* **Work instruction**
Begin your copy at the line holding "I'm reminded of" and end it at the last line of the listing. Keep every line exact and leave out the pictures.
____
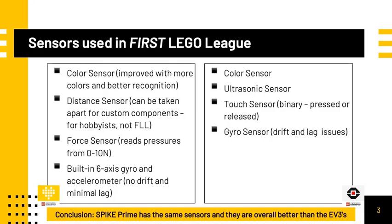Overall, you do not lose much in terms of ports by switching to the Spike Prime. Next, let's compare the sensors. The Spike Prime color sensor is improved from the EV3 with the ability to detect more colors and better recognition. It also works better in reflected light mode because it shines a white light instead of a red one. The distance sensor is similar to the EV3 ultrasonic sensor. One cool feature about the Spike Prime distance sensor is that it can be taken apart and custom components can be added.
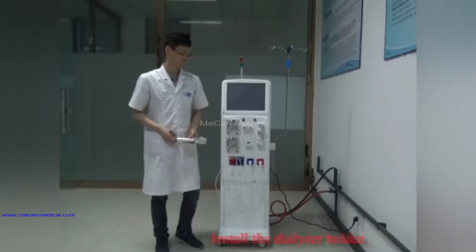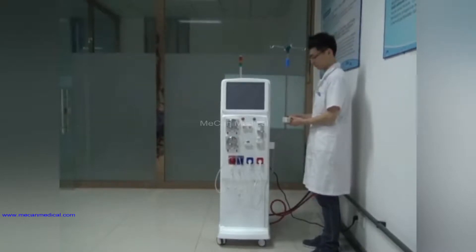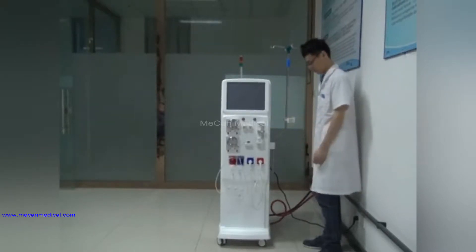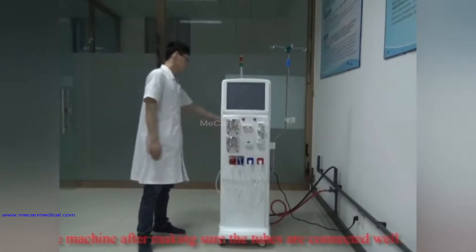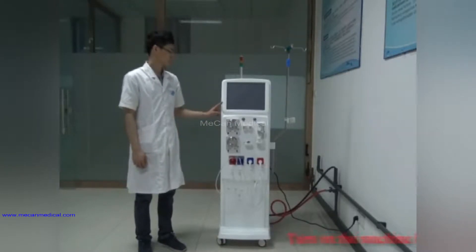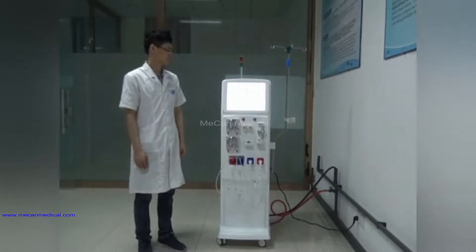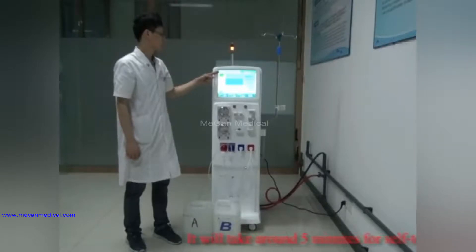Install the dialyzer holder. Turn on the machine after making sure all the tubes are connected well. Turn on the machine by pressing the button. The machine will enter the self-test automatically after turning on. The self-test will take around 5 minutes.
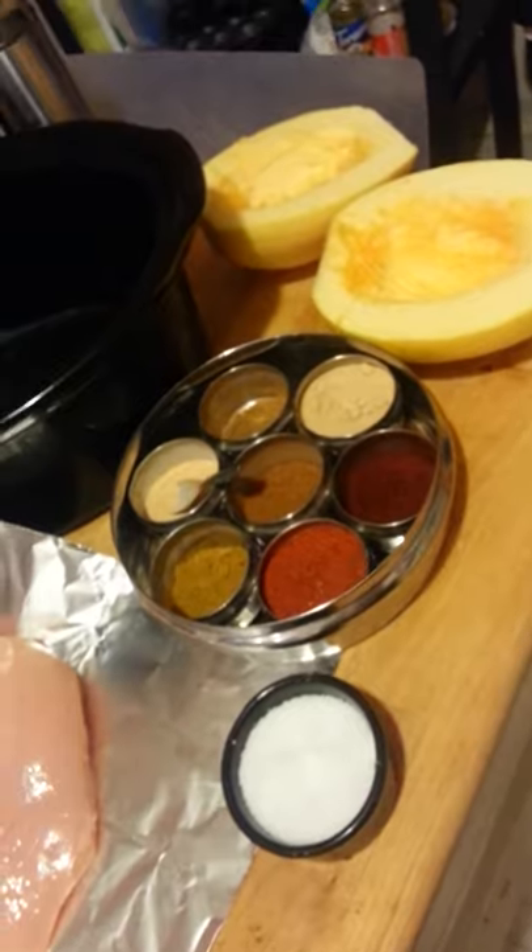Now I'm going to do four chicken breasts and spaghetti squash. Here I've got my chicken breasts laid out, my spices, and my spaghetti squash. I've already done a little bit of pre-prep here because I have one hand and this is going to be interesting enough as it is.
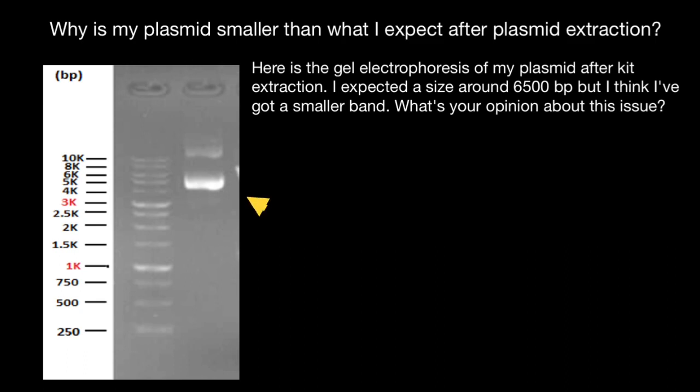Take a look. We are talking about this band here, and here's the ladder with the sizes. It is roughly five kilobases instead of 6,500 base pairs. So as you see, it is smaller than expected. The gel is running from this side to this side, and bands which are heavier would travel a smaller distance. We expect a band to be somewhere here, but instead we have it here. So what happened?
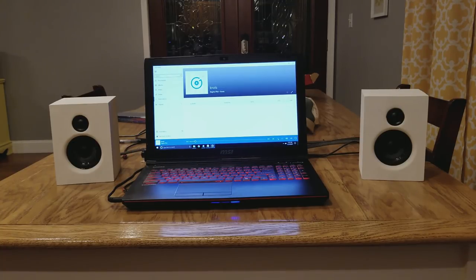[Music demo playing through the Lapai LP1601S with Reveal speakers]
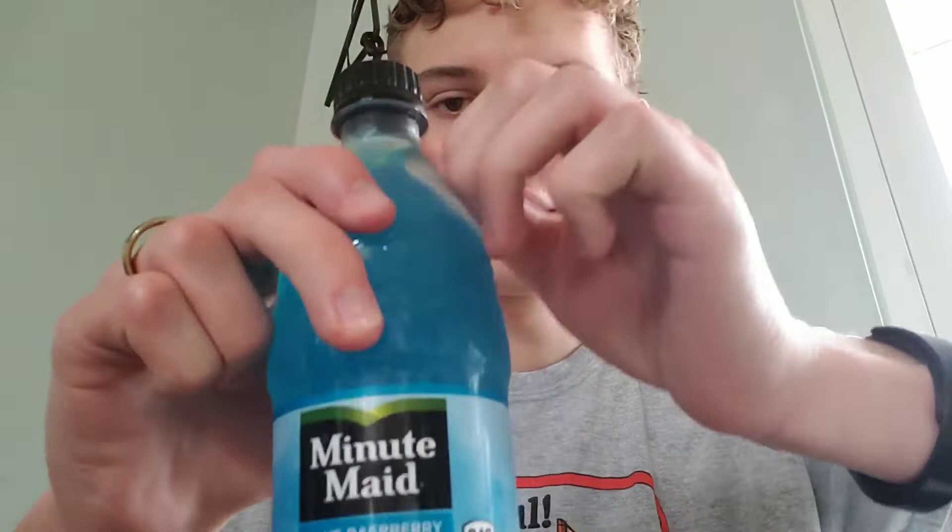I'm reminded of the Liquid Death I tried the other week. It's like a 2.24. But I have something else, because this is a blue episode.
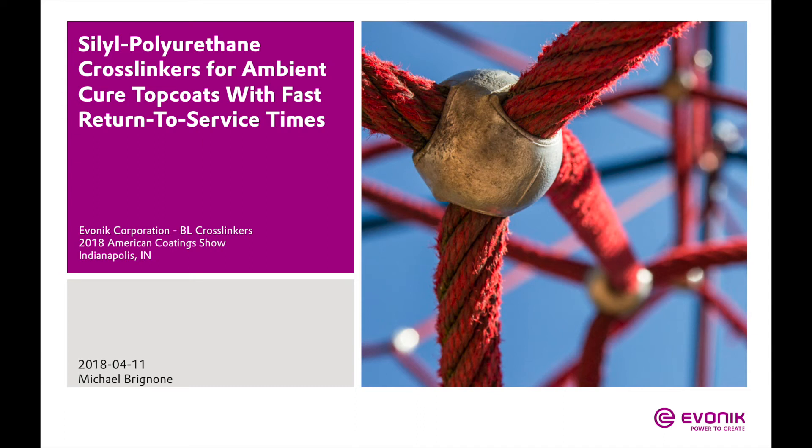Hi everyone. My name is Mike Brignone. I'm a technical service chemist at Ivana Corporation in Horsham, Pennsylvania. I work in the crosslinkers business line. I've been with the company for four years. And today I'm going to give you a presentation on silyl polyurethane crosslinkers for ambient cured top coats with fast return to service times.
____
* **Exercise solution**
I'm reminded of the Liquid Death I tried the other week. It's like a 2.24. But I have something else, because this is a blue episode.
Hi everyone. My name is Mike Brignone. I'm a technical service chemist at Ivana Corporation in Horsham, Pennsylvania. I work in the crosslinkers business line. I've been with the company for four years. And today I'm going to give you a presentation on silyl polyurethane crosslinkers for ambient cured top coats with fast return to service times.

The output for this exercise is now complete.